Proponents contended that such material violated the civil rights of women and adversely affected social attitudes towards them.
Ordinance regulated how women could be shown in pornography
Although Minneapolis decided not to adopt an ordinance, Indianapolis did, in 1984. Its law stated that any sexually explicit material that depicted women as sexual objects — interpreted as appearing to enjoy pain or humiliation, domination, or rape — and otherwise depicted them in sexually subordinate and humiliating roles would be considered a civil rights violation.
The ordinance also gave individuals who claimed to have been harmed by such depictions a right to sue the maker or seller of the pornography.
American Booksellers Association said ordinance violated First Amendment
Before the law took effect, the American Booksellers Association, an organization representing bookstores, sought an injunction in federal court to prevent the anti-pornography law from being enforced.
They argued that the ordinance violated the First Amendment free speech clause in that it censored protected expression and that its vagueness rendered the law unenforceable.
The district court issued the injunction, declaring the law unconstitutional. The decision was appealed to the Seventh Circuit.
Circuit court said pornography is protected by First Amendment
In an opinion by Judge Frank Easterbrook, the appeals court noted that the Supreme Court had ruled in Miller v. California (1973) that for material to be obscene it had to, when viewed as a whole, appeal to the “prurient interest,” contain patently offensive depictions or descriptions of specified sexual conduct, and on the whole have no “serious literary, artistic, political, or scientific value.”
Obscene material is not protected by the First Amendment and so may be proscribed. Pornographic material — so long as it fails to meet the Miller requirements — is, however, protected by the First Amendment and may not be banned. Because, according to the Court, the Indianapolis ordinance sought to regulate sexually explicit material determined not to be obscene, it was inconsistent with the Miller test.

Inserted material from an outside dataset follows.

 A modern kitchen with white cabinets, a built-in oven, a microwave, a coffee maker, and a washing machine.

Moreover, the court stated that under the Indianapolis ordinance, classic works by Homer and James Joyce might be considered illegal because they describe women as submissive objects for conquest and domination.

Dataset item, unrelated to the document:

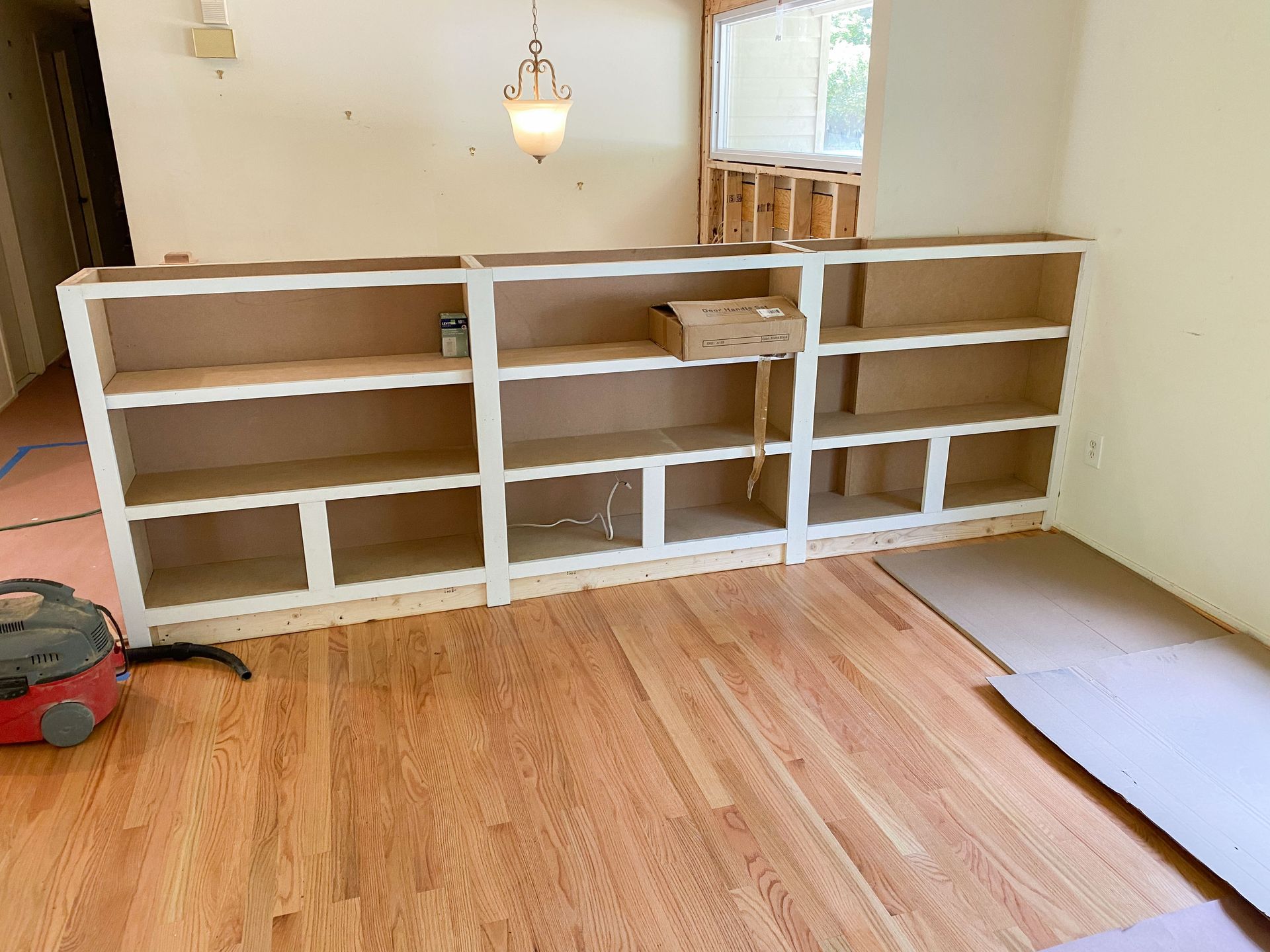 White built-in bookshelves against a light wall, over wooden floors; a vacuum cleaner sits nearby.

Although the court noted that the type of pornography that the ordinance sought to proscribe might in fact adversely influence how women are treated in society, the First Amendment protects all types of viewpoints, including those that describe or depict women in sexually subordinate and inferior positions.
Controversy over pornography continues
Although American Booksellers Association ended efforts to declare pornography a civil rights violation, controversy over the impact of the sexual depiction of women continues.
Some argue that pornography is not harmful and that women should be free voluntarily to participate in it, while others see it as harmful and degrading, especially when individuals are unwillingly subjected to it in the workplace. In the latter situation, the courts have often found this to be a form of sexual harassment.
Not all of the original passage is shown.